USADSF Spotlight with Noah - US Deaf National Badminton athlete, Ria Balwalli

Noah: Hello! Welcome to USADSF Spotlight with Noah, I am Noah Valencia. Today we will interview an athlete, her name is Ria Balwalli who was the only athlete who went to the World Deaf Badminton Championships, representing USADSF. She was only 15 years old at that time, now at the age of 16. She is very enthusiastic about getting ready for our upcoming Summer Deaflympics! Now we are going to ask her some questions to find out more about her journey.

Image: Ria, outside of the gymnasium at the World Deaf Badminton Championships at Taipei, 2019.

Noah: Ria, you went to the World Deaf Badminton Championships at Taipei, recently. You were the only athlete representing USADSF, how did that feel, going through this experience?

Ria: The experience was AMAZING, because I was the only lone representative for USADSF. Wow, an amazing experience for me.

It was my first time participating in an international tournament. It was such an interesting experience meeting different players from different countries. It was also so nice to go sightseeing and learn about their culture. It was really amazing!

Noah: I do understand, actually I went to Taipei for the World Deaf Basketball Championships in 2015. I agree with you, it was such a beautiful cultural experience. I thoroughly enjoyed myself there so I know how that feels!

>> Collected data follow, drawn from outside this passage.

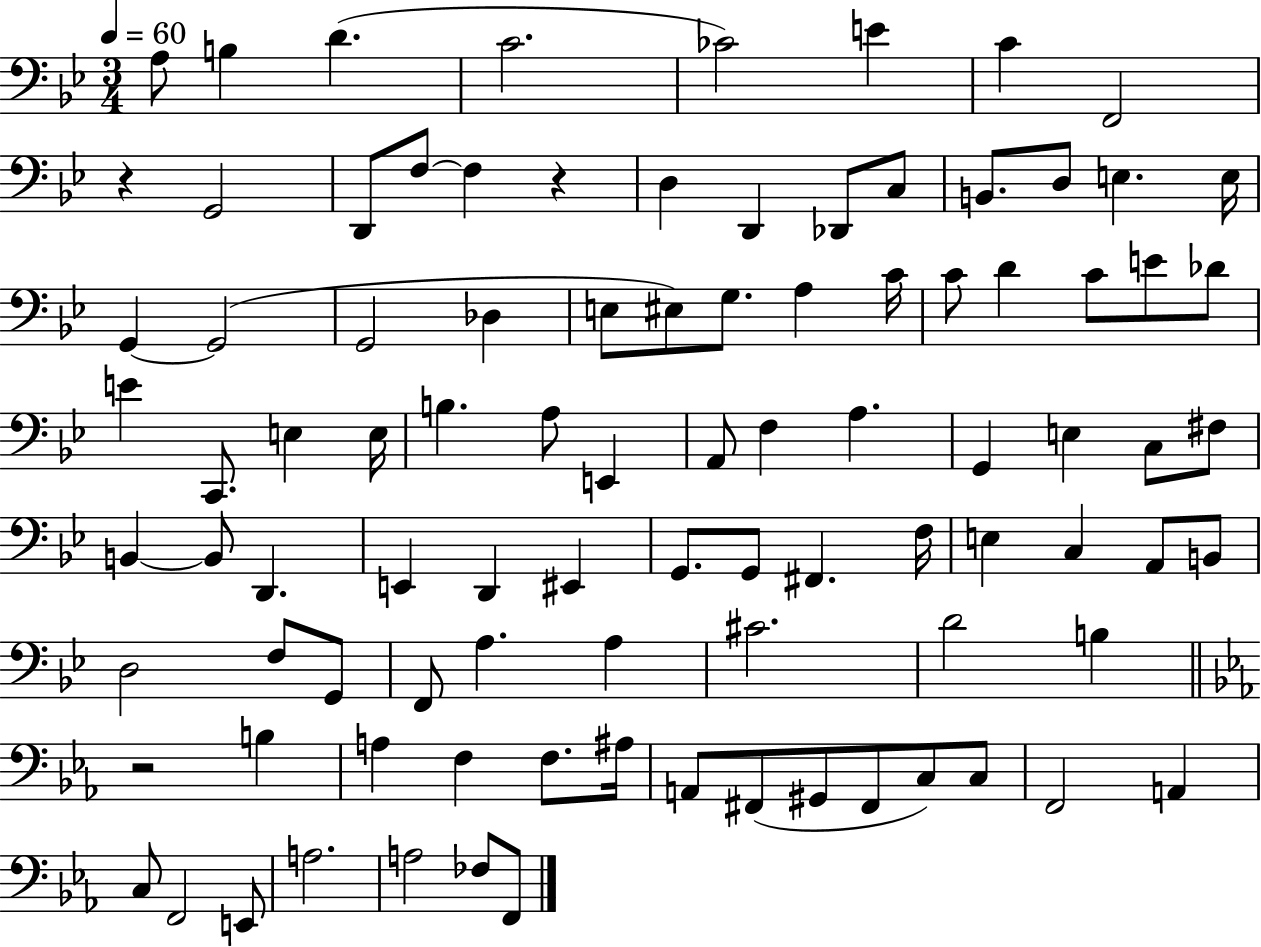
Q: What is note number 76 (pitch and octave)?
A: A#3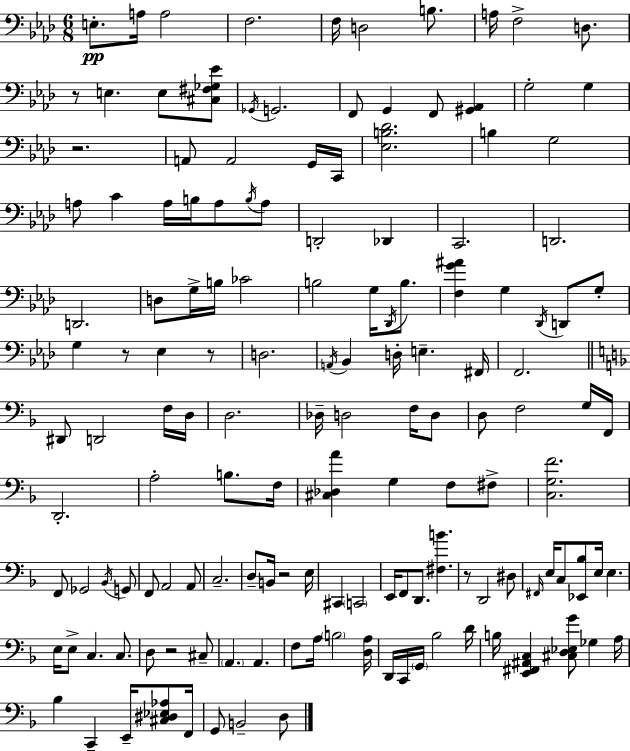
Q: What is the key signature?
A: AES major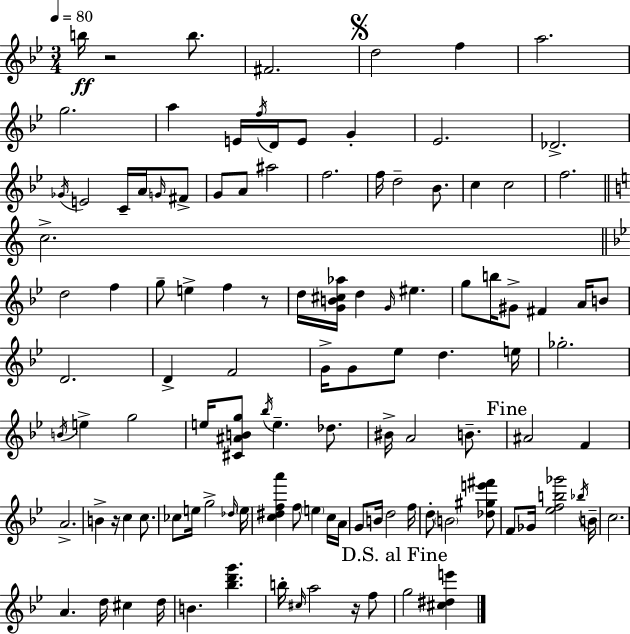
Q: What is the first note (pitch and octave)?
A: B5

Image: Ria and Coach/Father, Krishna

Noah: We really look forward to having you represent USADSF at our upcoming 2021 Summer Deaflympics. What has your training for the Deaflympics been like?

Ria: My training, what I have been doing, is that your question?

Noah: Yes, your training, what is that like for you?

Ria: Okay, my training, what I do, I run three times a week in the morning, that would be to improve my speed, to help with my speed/footwork on the badminton court. I do physical exercises too in between my running schedule, such as jumping ropes; weightlifting; doing pushups, crunches and using battle ropes. That would be my training program. I also play badminton almost every day too. I play with two coaches, one is my regular coach, Henry Ranardo and another coach, who happens to be my father, so I train with both on the badminton court.

Noah: You mention that your dad is also your coach, a badminton player, right? How do you balance the dynamics of your dad being your dad as well as your coach? How do you feel about that?

Ria: Yes, my dad being my dad and a coach at the same time, I try to divide him in his two roles, for example, when we play badminton, we stay focused with him as my coach and myself as an athlete, and then as a father and a daughter role, outside of the badminton court

Noah: Ha, I share a similar experience as you. My dad is also my coach, it can be a little bit tough that I have to deal with his expectations, right?

Ria. Ha, Yes.

Noah: We have many athletes who do not sign, can you share with us, based on your experiences on how you communicate with athletes who sign, breaking down communication barriers.

Ria: Okay, when I meet a person/an athlete who signs only, actually I am still learning signs, just a little. I can sign, “my name is”, and fingerspell. I am not fluent in ASL yet, I try, but I also use my phone, using the notepad app to communicate in text. We continue our conversation. Also, some of them do speak well and sign fluently, so I can communicate with them one to one so it works out both ways.

Noah: True, a very interesting experience for you, right? A learning experience. I trust that you will continue to pick up signs in time.

I look forward to meeting you at the 2021 Summer Deaflympics in Brazil .

Image: Ria competing in singles.

Noah: We at the USADSF want to thank Ria for her time interviewing with us today. Until then, so long.